Random Latin Squares. New Draft Rosetta Code Task with Python Example - javinpaul
http://rosettacode.org/wiki/Random_Latin_Squares
======
triska
Latin squares are very interesting, thank you for sharing this!

For comparison, here is a Prolog solution that uses CLP(ℤ), constraint logic
programming over integers, to express the task:

    
    
        :- use_module(library(clpz)).
    
        latin_square(N, Rows) :-
                length(Rows, N),
                maplist(same_length(Rows), Rows),
                append(Rows, Vs),
                Vs ins 1..N,
                maplist(all_distinct, Rows),
                transpose(Rows, Columns),
                maplist(all_distinct, Columns).
    

To generate _random_ solutions, you only need to implement a suitable labeling
strategy, or use one of the built-in strategies if available.

For example, here are two different solutions for N = 5:

    
    
        ?- latin_square(5, Rows),
           append(Rows, Vs),
           labeling([ff, random_value(0)], Vs),
           maplist(portray_clause, Rows).
        [4, 2, 1, 3, 5].
        [5, 1, 3, 4, 2].
        [1, 4, 2, 5, 3].
        [2, 3, 5, 1, 4].
        [3, 5, 4, 2, 1].
    

and:

    
    
        ?- latin_square(5, Rows),
           append(Rows, Vs),
           labeling([ff, random_value(1)], Vs),
           maplist(portray_clause, Rows).
        [4, 3, 5, 2, 1].
        [5, 1, 3, 4, 2].
        [2, 5, 1, 3, 4].
        [3, 4, 2, 1, 5].
        [1, 2, 4, 5, 3].
    

Using the Prolog formulations, you can also generate solutions for much larger
squares.
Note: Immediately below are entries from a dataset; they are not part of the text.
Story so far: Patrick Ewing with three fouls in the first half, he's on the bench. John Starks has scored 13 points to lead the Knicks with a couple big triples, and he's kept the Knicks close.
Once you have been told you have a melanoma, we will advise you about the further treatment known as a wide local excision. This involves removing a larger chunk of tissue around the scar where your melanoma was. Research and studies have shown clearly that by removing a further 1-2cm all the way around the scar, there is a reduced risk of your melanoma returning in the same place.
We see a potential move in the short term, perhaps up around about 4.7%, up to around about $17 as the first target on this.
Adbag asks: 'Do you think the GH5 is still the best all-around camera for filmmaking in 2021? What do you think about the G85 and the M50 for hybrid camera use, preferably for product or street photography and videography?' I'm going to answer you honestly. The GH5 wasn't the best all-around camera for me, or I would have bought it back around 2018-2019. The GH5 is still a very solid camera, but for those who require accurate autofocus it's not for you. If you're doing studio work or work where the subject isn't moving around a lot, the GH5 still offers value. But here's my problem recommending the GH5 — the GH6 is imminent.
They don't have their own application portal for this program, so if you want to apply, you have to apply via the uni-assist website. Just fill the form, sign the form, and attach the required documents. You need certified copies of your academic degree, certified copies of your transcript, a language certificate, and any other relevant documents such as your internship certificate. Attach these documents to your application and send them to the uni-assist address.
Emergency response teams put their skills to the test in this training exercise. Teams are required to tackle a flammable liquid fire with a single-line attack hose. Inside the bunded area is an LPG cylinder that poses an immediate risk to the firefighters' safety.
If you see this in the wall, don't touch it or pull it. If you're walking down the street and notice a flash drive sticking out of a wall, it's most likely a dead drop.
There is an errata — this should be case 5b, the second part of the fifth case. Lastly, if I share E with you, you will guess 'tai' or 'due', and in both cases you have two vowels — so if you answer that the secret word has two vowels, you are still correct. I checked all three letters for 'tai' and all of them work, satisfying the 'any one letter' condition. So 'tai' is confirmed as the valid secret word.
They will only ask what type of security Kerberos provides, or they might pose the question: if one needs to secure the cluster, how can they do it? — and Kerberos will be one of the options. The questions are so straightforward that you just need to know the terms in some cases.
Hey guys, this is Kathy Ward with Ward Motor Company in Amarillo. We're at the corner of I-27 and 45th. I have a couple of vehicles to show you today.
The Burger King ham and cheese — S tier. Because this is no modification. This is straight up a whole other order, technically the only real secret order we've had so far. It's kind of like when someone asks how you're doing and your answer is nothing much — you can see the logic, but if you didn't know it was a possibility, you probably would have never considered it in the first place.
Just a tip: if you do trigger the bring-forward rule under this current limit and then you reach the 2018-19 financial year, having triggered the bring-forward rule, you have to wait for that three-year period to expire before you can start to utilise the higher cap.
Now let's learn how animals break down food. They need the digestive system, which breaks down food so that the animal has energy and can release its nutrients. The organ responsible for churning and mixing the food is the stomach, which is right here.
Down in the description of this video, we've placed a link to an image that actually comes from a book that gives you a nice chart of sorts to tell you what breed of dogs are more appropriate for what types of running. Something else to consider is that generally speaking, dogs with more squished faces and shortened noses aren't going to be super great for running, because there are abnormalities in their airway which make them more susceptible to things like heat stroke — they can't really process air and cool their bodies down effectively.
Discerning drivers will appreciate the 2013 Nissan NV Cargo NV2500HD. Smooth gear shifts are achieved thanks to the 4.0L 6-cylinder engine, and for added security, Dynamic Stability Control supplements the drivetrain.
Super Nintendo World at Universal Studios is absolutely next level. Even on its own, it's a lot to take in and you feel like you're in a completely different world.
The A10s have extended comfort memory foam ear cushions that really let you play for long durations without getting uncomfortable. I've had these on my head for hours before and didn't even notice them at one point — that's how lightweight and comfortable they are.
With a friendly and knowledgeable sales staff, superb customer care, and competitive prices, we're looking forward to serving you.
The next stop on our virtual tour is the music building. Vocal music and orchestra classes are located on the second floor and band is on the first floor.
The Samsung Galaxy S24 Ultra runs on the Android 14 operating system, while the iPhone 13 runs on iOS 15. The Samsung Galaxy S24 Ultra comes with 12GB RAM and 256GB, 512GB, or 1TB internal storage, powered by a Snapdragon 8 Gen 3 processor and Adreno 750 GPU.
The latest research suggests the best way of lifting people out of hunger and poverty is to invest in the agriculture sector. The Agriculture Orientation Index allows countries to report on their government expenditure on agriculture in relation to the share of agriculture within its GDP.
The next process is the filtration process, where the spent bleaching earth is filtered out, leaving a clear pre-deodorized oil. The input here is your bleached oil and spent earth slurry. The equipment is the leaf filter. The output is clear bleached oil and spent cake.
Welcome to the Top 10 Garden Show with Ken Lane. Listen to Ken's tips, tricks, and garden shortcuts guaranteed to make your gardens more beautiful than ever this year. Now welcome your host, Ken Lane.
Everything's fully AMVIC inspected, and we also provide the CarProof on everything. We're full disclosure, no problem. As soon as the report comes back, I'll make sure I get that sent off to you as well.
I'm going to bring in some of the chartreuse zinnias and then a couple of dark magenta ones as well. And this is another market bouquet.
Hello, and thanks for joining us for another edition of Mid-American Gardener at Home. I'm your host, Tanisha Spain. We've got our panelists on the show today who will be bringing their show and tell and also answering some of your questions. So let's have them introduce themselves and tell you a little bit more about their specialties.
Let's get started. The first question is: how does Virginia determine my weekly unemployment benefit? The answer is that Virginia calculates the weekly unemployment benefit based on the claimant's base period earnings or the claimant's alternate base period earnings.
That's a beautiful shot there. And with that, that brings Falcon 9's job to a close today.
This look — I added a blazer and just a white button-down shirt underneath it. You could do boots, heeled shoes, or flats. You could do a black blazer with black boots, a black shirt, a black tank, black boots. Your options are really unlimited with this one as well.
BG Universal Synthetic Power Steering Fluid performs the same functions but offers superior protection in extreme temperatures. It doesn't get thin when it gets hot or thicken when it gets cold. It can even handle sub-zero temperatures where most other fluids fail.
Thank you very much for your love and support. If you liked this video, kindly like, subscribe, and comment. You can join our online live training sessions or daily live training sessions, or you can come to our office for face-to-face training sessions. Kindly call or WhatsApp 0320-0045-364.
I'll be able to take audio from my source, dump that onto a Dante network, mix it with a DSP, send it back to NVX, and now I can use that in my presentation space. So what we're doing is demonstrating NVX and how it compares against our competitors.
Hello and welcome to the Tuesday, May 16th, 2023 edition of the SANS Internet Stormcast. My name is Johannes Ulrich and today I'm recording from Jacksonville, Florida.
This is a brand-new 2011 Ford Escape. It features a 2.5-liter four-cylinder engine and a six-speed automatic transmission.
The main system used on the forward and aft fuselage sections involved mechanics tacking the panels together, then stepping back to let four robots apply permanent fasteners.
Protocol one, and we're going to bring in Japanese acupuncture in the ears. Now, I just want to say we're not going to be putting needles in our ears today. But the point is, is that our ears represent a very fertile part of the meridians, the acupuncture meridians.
For example, here is a solution for N = 12:

    
    
        ?- time((latin_square(12, Rows),
                 append(Rows, Vs),
                 labeling([ff], Vs),
                 maplist(portray_clause, Rows))).
        [1, 2, 3, 4, 5, 6, 7, 8, 9, 10, 11, 12].
        [2, 12, 1, 3, 4, 5, 6, 7, 8, 9, 10, 11].
        [3, 1, 11, 12, 2, 4, 5, 6, 7, 8, 9, 10].
        [4, 3, 9, 10, 11, 12, 1, 2, 5, 6, 7, 8].
        [5, 4, 2, 7, 8, 11, 12, 9, 10, 1, 3, 6].
        [6, 5, 4, 2, 12, 8, 9, 10, 3, 11, 1, 7].
        [7, 6, 5, 1, 3, 2, 10, 11, 12, 4, 8, 9].
        [8, 7, 6, 5, 9, 10, 3, 12, 11, 2, 4, 1].
        [9, 8, 7, 6, 10, 1, 11, 3, 2, 12, 5, 4].
        [10, 9, 8, 11, 1, 3, 2, 4, 6, 7, 12, 5].
        [11, 10, 12, 8, 7, 9, 4, 5, 1, 3, 6, 2].
        [12, 11, 10, 9, 6, 7, 8, 1, 4, 5, 2, 3].
        % 8,146,020 inferences, 2.212 CPU in 2.283 seconds (97% CPU, 3683380 Lips)
    

For best results, try a Prolog system with a fast constraint solver.